**Exercise instructions**
Copy the lines of the data below exactly, starting at the first and stopping after the line that contains "Many traders place"; include no pictures.
Data section START
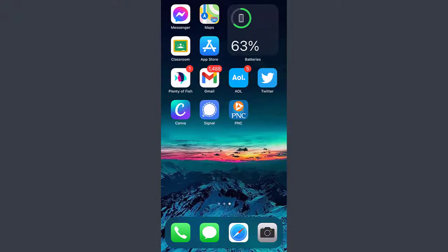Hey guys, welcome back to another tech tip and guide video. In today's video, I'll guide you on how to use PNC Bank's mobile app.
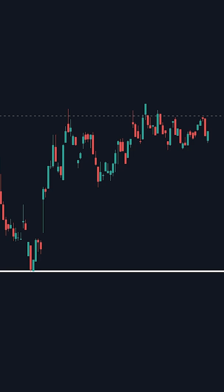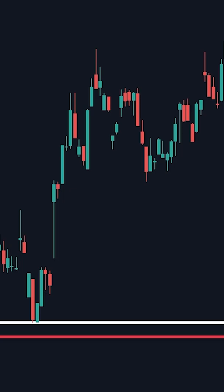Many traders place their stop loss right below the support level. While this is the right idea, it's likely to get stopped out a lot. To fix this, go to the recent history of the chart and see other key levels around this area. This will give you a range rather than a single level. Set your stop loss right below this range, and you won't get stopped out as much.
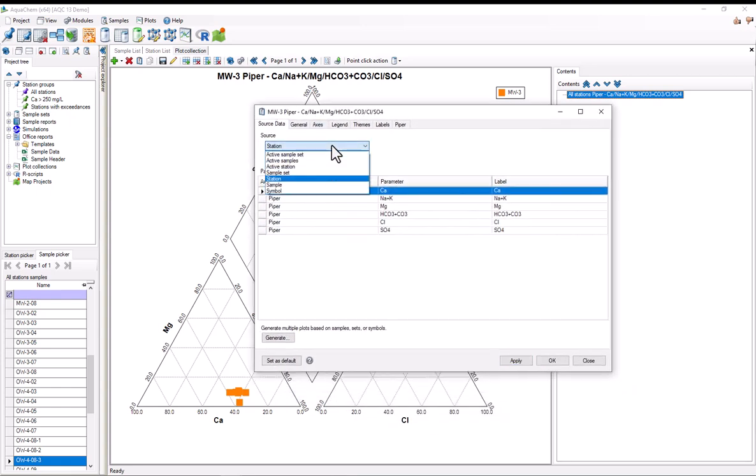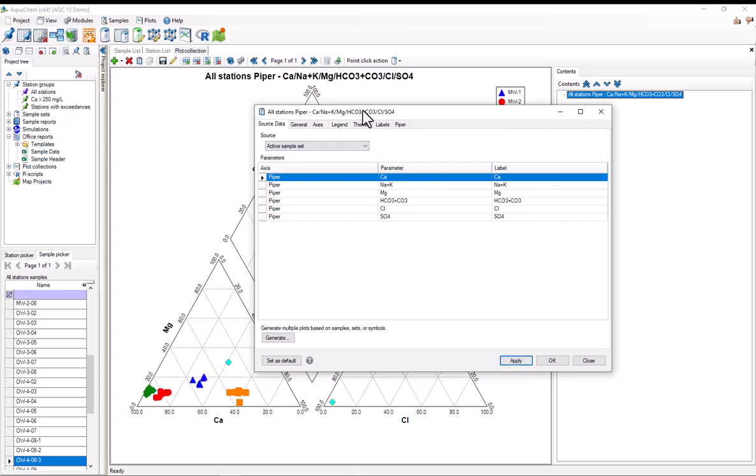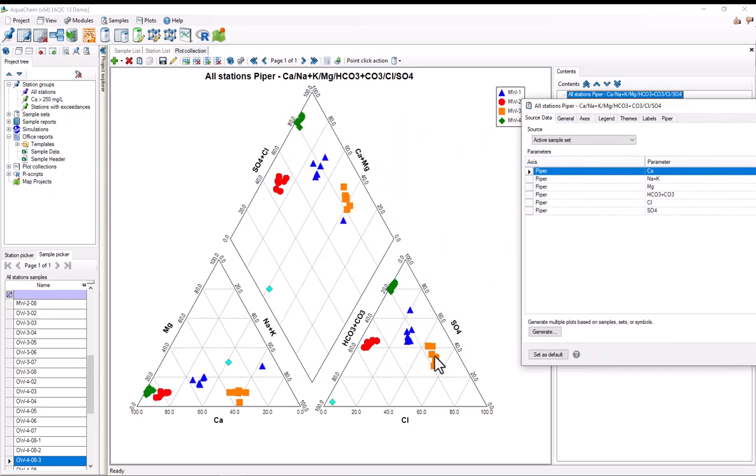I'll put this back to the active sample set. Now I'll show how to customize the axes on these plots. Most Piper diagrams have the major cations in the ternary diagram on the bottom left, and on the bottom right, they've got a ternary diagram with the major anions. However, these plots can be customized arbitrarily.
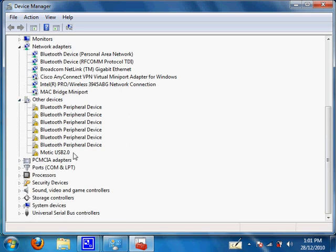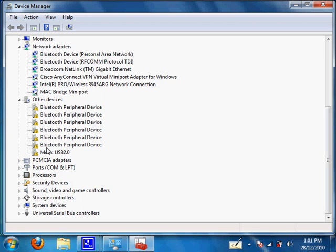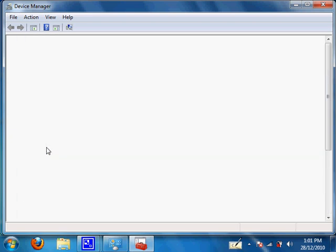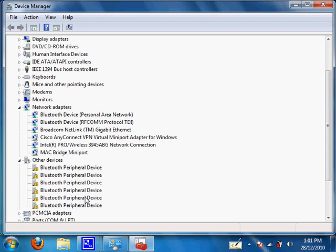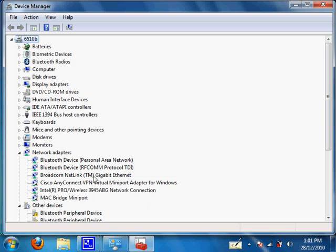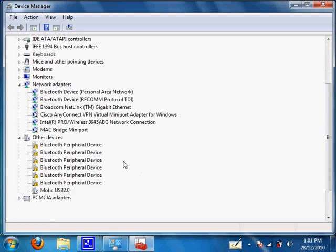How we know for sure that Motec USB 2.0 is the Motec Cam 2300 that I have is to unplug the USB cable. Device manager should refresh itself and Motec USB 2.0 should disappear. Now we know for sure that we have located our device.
Data section END
**Response for this exercise**
Hey guys, welcome back to another tech tip and guide video. In today's video, I'll guide you on how to use PNC Bank's mobile app.
Many traders place their stop loss right below the support level. While this is the right idea, it's likely to get stopped out a lot. To fix this, go to the recent history of the chart and see other key levels around this area. This will give you a range rather than a single level. Set your stop loss right below this range, and you won't get stopped out as much.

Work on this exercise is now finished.